* [TASK INSTRUCTIONS] Given the entries that follow, write out exactly the lines starting at the one containing "ワンピース TOTEME Woman" and ending at the one containing "KHASCBNF Wedding Card", both ends included, and only those.

* [MATERIAL FOR THIS EXERCISE]
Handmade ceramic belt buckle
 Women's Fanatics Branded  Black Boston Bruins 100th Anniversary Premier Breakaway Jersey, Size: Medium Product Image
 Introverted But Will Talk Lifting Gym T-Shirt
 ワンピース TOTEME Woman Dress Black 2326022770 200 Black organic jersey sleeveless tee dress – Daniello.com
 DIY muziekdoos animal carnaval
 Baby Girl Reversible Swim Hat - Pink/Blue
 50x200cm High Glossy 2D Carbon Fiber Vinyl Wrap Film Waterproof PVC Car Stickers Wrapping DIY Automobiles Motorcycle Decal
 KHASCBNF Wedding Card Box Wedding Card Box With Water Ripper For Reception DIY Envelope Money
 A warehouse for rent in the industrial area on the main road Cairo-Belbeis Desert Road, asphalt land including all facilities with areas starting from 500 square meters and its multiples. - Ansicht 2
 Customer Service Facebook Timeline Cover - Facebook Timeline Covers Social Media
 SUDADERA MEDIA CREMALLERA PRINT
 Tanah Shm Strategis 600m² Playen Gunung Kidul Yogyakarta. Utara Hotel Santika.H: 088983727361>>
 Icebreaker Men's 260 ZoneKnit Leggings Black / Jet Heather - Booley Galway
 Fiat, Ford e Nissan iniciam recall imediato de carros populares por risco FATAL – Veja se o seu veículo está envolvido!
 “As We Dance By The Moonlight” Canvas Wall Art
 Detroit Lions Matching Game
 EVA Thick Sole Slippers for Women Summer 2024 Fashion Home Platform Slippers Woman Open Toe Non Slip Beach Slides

* [ANSWER SPACE]
 ワンピース TOTEME Woman Dress Black 2326022770 200 Black organic jersey sleeveless tee dress – Daniello.com
 DIY muziekdoos animal carnaval
 Baby Girl Reversible Swim Hat - Pink/Blue
 50x200cm High Glossy 2D Carbon Fiber Vinyl Wrap Film Waterproof PVC Car Stickers Wrapping DIY Automobiles Motorcycle Decal
 KHASCBNF Wedding Card Box Wedding Card Box With Water Ripper For Reception DIY Envelope Money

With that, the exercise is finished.